On March 19, 2021, the U.S. Federal Reserve Board published a press release that detailed the temporary supplementary leverage ratio easements will be expiring as scheduled. U.S. banks will no longer have the relaxed capital requirements they once held since the onset of the Covid-19 outbreak.
Despite Wall Street’s Protest Federal Regulators Deny SLR Extension
During the first week of March, members of the U.S. Federal Reserve shrugged off concerns over inflation and erratic bond markets. More recently, Fed Chairman Jerome Powell explained that he looks at bitcoin as a substitute for gold. Now analysts and economists think the Fed may have some different issues ahead, as the U.S. central bank is ending the supplementary leverage ratio (SLR) easements invoked back in April 2020.
“[The] Federal Reserve Board announces temporary change to its supplementary leverage ratio rule to ease strains in the Treasury market resulting from the coronavirus and increase banking organizations’ ability to provide credit to households and businesses,” the central bank noted and enacted at the time.
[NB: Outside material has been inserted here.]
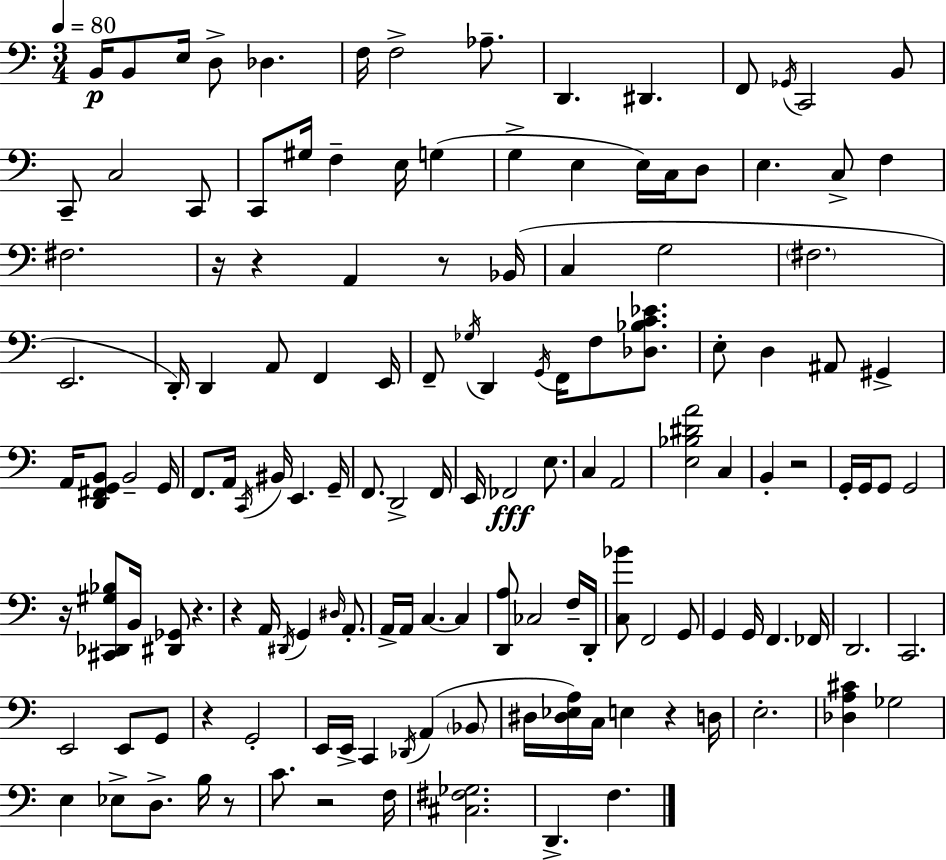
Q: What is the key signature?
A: A minor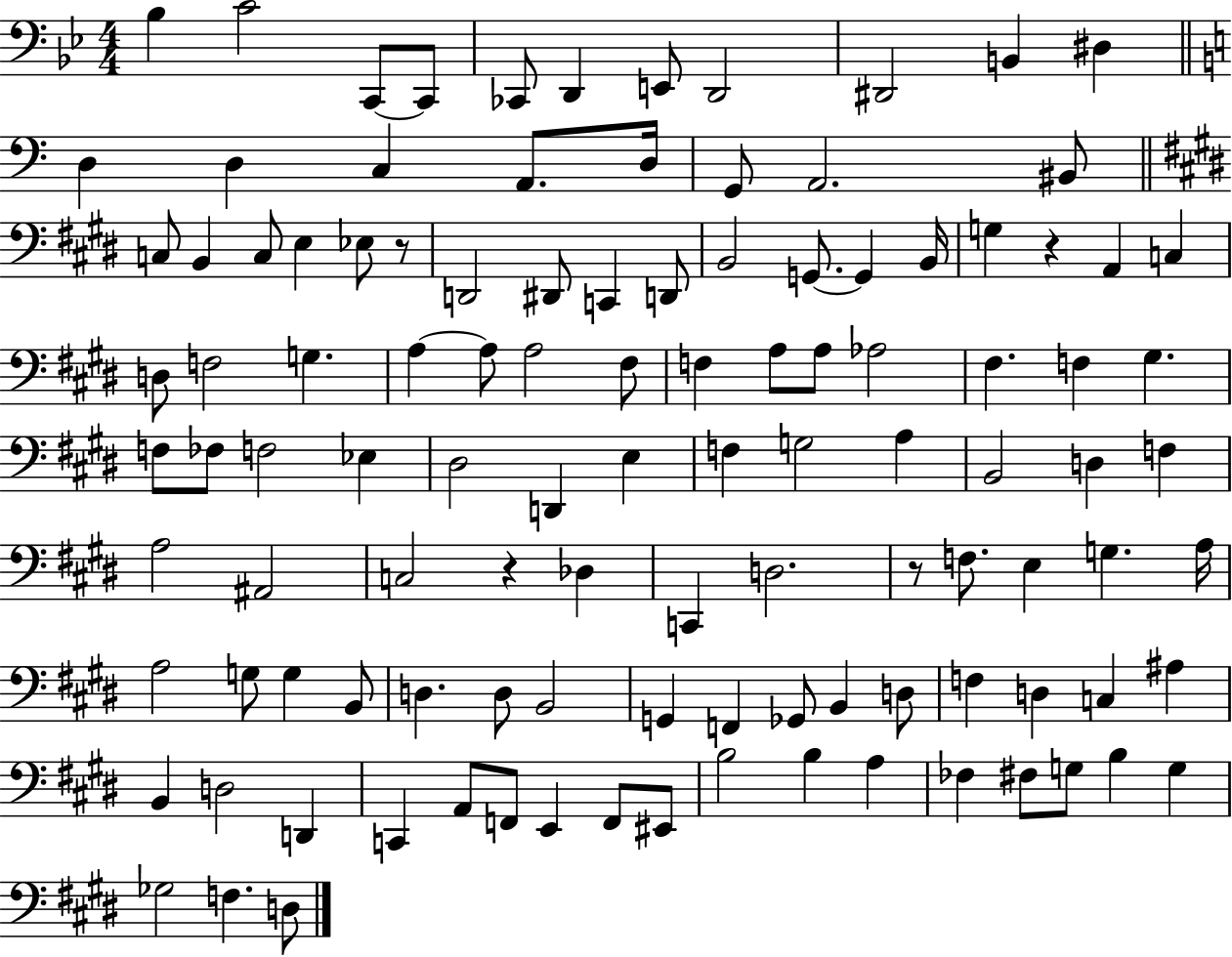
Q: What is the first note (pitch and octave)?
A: Bb3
The loosened rules supplementary leverage ratio meant that banks could exclude certain items from capital positions like cash and bonds on their balance sheets. The ruling was a stark difference to the words uttered back in 2013, when former Chairman Ben Bernanke wanted to “maintain strong capital positions.” When the Fed eased up on the SLR in April 2020, the central bank and major financial institutions caught a lot of flak from the media and economists.
SLR Changes Will End March 31, CEO of JP Morgan Is ‘Not Happy’
Bank failures can severely harm an economy and without transparency, the importance of bank capital can be tossed to the wayside. The major Wall Street banking institutions attempted to get U.S. regulators to extend the SLR easements but they were ultimately denied.